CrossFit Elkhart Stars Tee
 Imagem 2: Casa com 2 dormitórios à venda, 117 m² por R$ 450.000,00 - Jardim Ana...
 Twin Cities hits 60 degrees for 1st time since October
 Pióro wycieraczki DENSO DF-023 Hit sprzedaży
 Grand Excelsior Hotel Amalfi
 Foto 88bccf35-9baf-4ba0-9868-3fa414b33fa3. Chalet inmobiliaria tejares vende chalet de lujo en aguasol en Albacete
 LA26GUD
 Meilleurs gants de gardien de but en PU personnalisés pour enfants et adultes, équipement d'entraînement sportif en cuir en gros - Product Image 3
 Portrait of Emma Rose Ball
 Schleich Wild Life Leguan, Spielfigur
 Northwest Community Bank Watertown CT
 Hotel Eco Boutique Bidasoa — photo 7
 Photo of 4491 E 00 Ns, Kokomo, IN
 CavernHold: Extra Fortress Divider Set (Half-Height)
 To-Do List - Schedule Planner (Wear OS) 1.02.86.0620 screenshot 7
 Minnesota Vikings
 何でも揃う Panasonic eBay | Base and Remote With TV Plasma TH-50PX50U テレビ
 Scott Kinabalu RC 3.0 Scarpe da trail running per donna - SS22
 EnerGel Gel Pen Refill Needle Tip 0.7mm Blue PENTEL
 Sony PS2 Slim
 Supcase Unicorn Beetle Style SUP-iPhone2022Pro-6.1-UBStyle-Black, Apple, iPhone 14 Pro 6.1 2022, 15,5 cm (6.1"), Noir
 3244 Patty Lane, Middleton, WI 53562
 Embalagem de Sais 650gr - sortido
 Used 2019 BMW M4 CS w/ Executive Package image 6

**Your objective:** Scan the preceding listing for the string "Hotel" and copy every line where it occurs.

**Problem solution:**
 Grand Excelsior Hotel Amalfi
 Hotel Eco Boutique Bidasoa — photo 7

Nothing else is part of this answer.